*Exercise directions:* Copy every record word for word. Pictures are not part of the copy.

*Records supplied:*
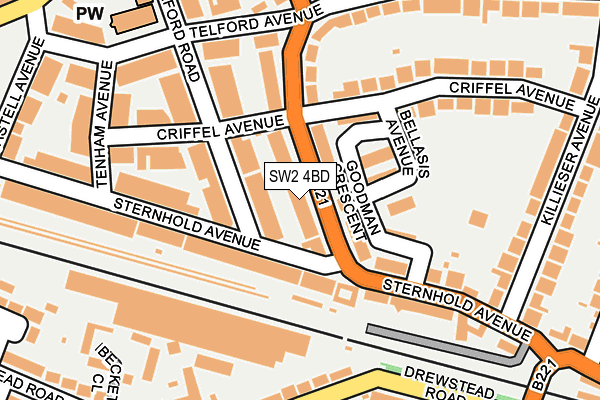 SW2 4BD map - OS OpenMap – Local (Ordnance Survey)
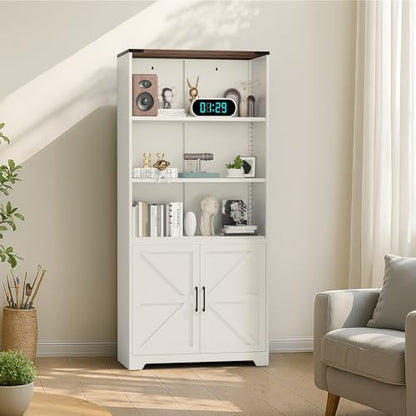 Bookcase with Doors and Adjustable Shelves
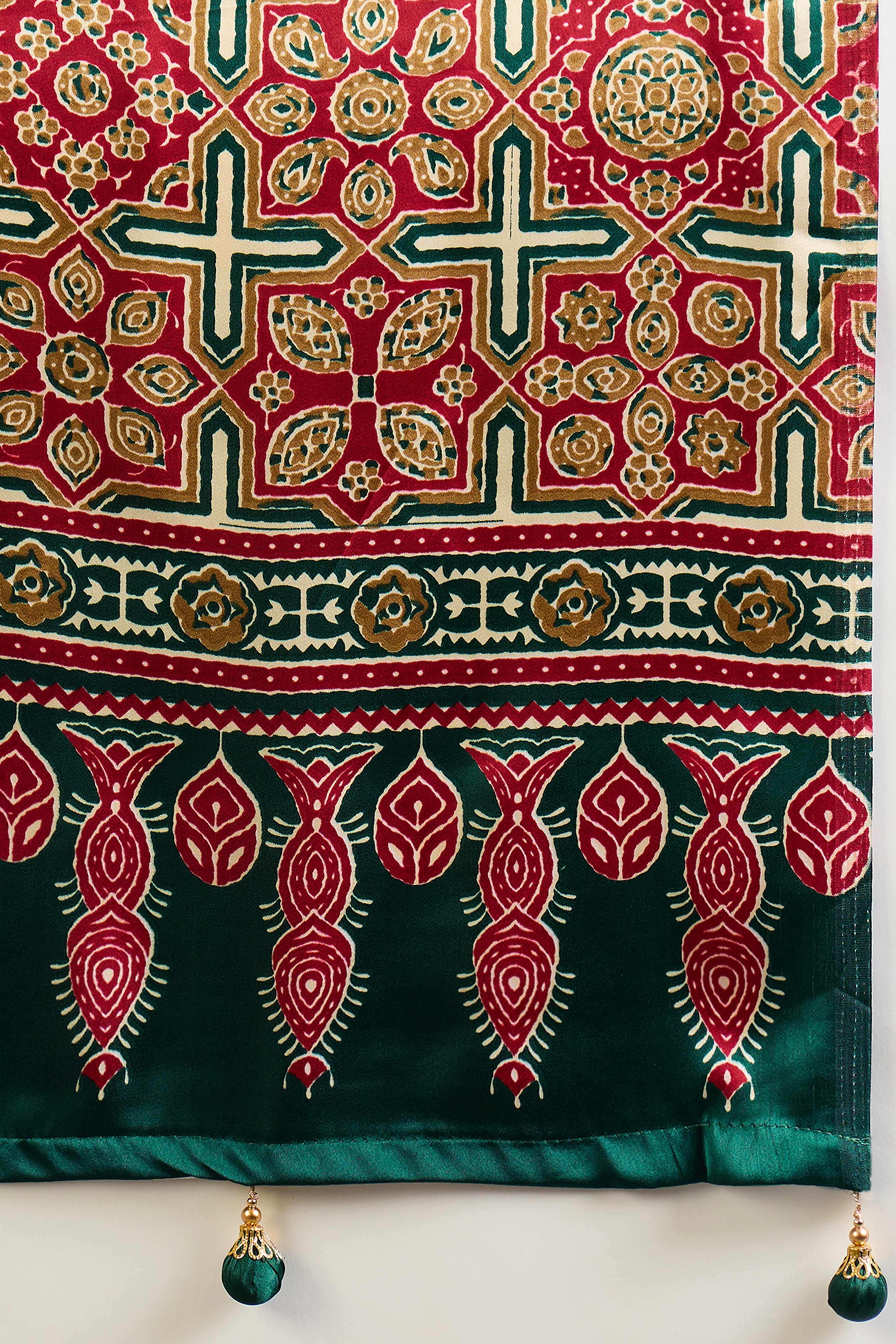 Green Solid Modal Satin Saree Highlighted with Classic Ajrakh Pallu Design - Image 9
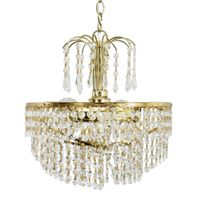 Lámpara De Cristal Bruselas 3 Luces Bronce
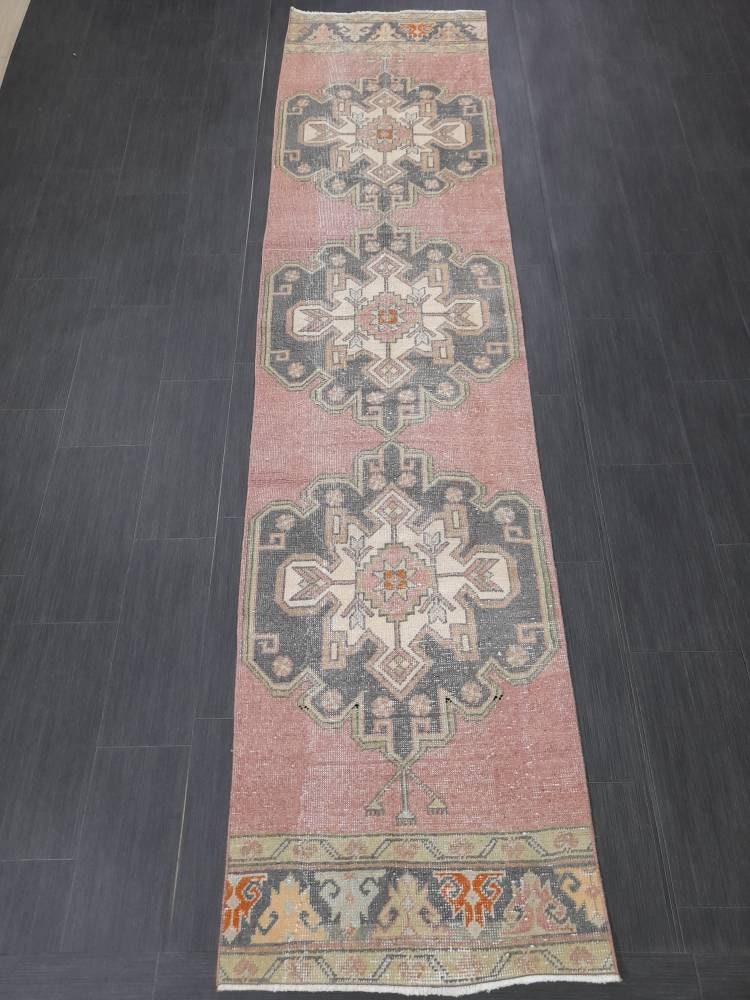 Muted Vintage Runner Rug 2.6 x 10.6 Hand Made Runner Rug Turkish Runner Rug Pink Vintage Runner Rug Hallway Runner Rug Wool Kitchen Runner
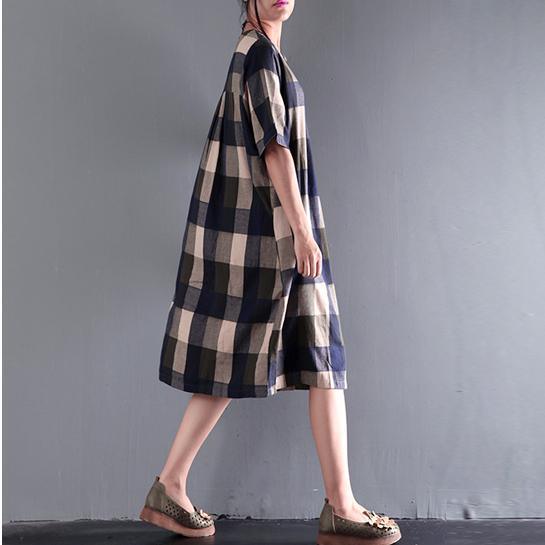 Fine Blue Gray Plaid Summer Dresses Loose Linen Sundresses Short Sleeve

*Expected output:*
 SW2 4BD map - OS OpenMap – Local (Ordnance Survey)
 Bookcase with Doors and Adjustable Shelves
 Green Solid Modal Satin Saree Highlighted with Classic Ajrakh Pallu Design - Image 9
 Lámpara De Cristal Bruselas 3 Luces Bronce
 Muted Vintage Runner Rug 2.6 x 10.6 Hand Made Runner Rug Turkish Runner Rug Pink Vintage Runner Rug Hallway Runner Rug Wool Kitchen Runner
 Fine Blue Gray Plaid Summer Dresses Loose Linen Sundresses Short Sleeve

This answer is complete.